I think lobbying by everybody on sustainable aviation fuel becomes key [um], you know. I [I] love this industry, I've been in the travel, meetings and events business for all of my career and – I'm not saying how many years that is, but it's a lot [KH laughs] – and [um] and I don't want to see it disappear. But, on the other hand though, when some companies have carbon emissions related to business travel as a high percentage, the only way they can deliver to the goals of their companies is to reduce the volume when sustainable aviation fuel [is] isn't there. And so really, as a collective, everybody in the industry and the corporates need to be pushing to get that, because then that will mean that there's not going to be this restriction being put out there because it's visible. That's the only reason, because it's visible [um] to reduce travel.

So, I mean for me though as well, and I guess there's one final one would be GenAI (Generation Artificial Intelligence), ChatGPT, and all of that – the impact of that I think is bigger than anybody anticipates. And I love it, I think it's the most fascinating area of business at the minute. [Um] and anybody that doesn't know about it, you're going to get left behind, absolutely get left behind. And I never thought five years ago that I would be known as a champion of RPA (Robotic Process Automation) and GenAI, and I don't know whether I'm a champion of it, but I know a lot about it because I've gone out of my way to learn about it because I see how much benefit it can bring [um] in an enhancement of a service. And I think that's what people forget: they think that all of this technology is taking jobs away, but actually it makes jobs easier, but it enables you to service your clients much better. And so, if people remember that, then they won't be so scared of it either.

I've said a lot of things there, but, you know, there is so much going on and I think, isn't this why we stay in the industry? Because it is moving and changing so much and really why I challenge myself. You know, somebody said to me about ‘go and run another travel programme somewhere’ – I was approached about a couple – if I was going to run a global travel meetings and events programme, I would have absolutely stayed at EY because, in my opinion, the team I had there was the best. We were regarded as one of the best programmes out there, but that's not what I wanted to do any longer, you know. And so, I think we just mustn't be afraid to challenge ourselves.

[What do you think you’ll get involved in with SilverDoor?]

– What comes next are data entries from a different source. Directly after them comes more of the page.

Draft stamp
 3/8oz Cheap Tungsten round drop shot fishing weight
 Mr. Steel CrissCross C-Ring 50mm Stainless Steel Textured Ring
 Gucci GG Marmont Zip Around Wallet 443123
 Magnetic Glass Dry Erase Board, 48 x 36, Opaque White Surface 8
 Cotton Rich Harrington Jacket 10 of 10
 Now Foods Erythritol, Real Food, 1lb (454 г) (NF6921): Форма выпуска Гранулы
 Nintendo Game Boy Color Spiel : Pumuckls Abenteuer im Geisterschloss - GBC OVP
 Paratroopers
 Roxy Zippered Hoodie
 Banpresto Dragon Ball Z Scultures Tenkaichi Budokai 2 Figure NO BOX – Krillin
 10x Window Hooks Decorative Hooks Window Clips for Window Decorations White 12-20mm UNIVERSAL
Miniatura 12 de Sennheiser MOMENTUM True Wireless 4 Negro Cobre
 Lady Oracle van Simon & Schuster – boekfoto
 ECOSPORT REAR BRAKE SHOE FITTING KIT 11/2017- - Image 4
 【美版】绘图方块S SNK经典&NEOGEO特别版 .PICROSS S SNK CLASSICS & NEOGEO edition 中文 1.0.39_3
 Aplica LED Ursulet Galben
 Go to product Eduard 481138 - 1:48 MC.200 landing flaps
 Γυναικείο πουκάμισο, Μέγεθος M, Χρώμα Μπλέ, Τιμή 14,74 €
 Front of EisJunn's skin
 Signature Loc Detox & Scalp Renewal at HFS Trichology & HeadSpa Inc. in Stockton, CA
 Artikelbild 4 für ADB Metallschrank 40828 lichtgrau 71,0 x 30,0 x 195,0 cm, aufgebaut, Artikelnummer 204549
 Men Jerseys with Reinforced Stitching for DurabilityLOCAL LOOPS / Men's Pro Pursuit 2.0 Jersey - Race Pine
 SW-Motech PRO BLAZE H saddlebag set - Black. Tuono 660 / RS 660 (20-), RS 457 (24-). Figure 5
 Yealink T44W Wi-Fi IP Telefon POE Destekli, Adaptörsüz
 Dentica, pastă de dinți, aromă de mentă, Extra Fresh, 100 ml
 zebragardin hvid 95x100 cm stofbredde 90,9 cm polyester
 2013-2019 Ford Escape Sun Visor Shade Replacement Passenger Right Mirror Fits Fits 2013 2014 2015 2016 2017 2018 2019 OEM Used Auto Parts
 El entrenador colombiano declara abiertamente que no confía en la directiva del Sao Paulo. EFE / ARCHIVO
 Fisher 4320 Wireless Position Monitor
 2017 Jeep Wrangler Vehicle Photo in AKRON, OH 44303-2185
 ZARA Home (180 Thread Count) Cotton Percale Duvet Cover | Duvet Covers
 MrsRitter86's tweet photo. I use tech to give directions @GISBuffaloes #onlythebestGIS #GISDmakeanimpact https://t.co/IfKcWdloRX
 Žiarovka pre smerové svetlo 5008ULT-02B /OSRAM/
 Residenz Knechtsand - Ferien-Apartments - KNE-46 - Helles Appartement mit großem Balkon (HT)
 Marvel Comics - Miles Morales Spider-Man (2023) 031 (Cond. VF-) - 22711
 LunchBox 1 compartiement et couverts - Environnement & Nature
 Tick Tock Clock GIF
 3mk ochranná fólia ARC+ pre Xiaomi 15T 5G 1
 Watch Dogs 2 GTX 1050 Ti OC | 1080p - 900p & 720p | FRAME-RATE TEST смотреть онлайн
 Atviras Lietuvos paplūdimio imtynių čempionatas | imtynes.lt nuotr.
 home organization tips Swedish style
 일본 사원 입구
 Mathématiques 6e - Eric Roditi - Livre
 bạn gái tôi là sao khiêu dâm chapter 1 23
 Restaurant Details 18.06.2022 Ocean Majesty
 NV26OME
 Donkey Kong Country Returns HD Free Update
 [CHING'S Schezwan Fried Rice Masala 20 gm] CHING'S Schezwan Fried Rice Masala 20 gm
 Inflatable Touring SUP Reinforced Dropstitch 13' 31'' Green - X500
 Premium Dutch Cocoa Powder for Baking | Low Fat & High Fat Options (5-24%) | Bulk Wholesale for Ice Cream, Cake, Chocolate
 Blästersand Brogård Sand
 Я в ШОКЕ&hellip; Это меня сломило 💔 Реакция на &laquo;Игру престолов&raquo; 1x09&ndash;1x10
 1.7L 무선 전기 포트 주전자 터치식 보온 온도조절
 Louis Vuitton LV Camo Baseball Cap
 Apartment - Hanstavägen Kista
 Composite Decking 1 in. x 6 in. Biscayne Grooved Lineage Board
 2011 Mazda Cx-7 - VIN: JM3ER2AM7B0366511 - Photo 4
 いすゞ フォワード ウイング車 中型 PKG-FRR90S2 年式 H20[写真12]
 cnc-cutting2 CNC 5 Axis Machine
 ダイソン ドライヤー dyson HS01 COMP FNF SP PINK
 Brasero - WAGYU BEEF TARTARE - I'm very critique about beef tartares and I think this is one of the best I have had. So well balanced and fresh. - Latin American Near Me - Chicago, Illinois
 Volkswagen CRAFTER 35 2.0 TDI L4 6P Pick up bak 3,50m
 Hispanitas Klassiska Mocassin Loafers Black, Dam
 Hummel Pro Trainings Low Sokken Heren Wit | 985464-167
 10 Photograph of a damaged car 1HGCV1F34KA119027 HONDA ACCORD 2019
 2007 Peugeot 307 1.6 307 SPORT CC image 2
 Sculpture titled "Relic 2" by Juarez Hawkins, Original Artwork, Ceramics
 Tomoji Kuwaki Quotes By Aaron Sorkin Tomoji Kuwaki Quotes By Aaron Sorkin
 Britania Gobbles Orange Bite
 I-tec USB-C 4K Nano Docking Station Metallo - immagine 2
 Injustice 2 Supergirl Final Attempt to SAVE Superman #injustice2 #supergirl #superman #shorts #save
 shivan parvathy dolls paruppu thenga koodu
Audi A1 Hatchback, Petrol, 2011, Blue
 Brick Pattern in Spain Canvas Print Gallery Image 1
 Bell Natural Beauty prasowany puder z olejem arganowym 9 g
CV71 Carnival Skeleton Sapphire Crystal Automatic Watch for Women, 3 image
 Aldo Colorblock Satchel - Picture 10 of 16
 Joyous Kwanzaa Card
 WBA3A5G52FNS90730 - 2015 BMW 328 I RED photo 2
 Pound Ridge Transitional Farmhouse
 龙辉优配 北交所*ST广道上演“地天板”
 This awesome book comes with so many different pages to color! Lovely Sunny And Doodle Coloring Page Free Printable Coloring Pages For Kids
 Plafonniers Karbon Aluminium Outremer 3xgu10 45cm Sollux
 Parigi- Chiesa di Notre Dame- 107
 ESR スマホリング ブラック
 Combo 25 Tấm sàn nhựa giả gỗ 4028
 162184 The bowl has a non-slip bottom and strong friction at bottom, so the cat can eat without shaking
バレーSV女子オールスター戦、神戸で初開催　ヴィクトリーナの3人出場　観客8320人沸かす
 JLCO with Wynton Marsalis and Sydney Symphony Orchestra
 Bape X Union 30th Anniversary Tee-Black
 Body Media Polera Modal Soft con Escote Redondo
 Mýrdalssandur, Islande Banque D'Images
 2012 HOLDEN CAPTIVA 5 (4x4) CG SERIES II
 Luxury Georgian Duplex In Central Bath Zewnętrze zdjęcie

KH: It's been very strange being new kid on the block, that's for sure [KH laughs], I've not done that for a little while. [Um] and, so yeah, I've had a complete brain dump from many, many different people. And [and] and I said to Stuart, I said: there's such a service mentality from the team as well and that really came through very strong. And if I think about my lives and, you know, in all the corporates I worked at, I was always in corporate services. And interestingly though, when I arrived at EY, my job title to start off with was Travel [Travel] Procurement Leader and I'm like ‘oh no, no, no, no, no, hang on a minute, I am not a procurement person’. And actually, 80% of what we did as a team was run the service. And so, my title actually at that point then got changed to Travel Services Leader, which was much more appropriate, because we negotiate the contracts as a travel leader and then they're in place for a number of years. But dealing with the service, figuring out how you make the experience easier, simpler, better for employees is crucial, and that's what I've seen’s going on at SilverDoor actually, you know, that whole service mentality.

So, I sort of knew that from when I'd met Stuart initially and went from BSI, because BSI historically was exactly the same. But it was really lovely to see that again, and it is about how do you make programmes a reason why somebody wants to work for a company. And that I can see what goes on here, you know, certainly at SilverDoor. And so then, though, it’s about, how do we use the technology that's out there to make the experience even better, to offer even more to the travellers or the guests that are going to be staying somewhere? How do we enhance even more what they have? And so, with my [my] day and a half, nearly two days already [um], that's sort of where my head's at that I can see. But [but] it's lovely, I have to say.

It's been so exciting doing something just so brand new [KH laughs] and I'm going to go through it again next week actually because I start then with [uh] one of the other companies I'm working with. And, yeah, I never thought at my age I'd be new kid on the block [KH laughs].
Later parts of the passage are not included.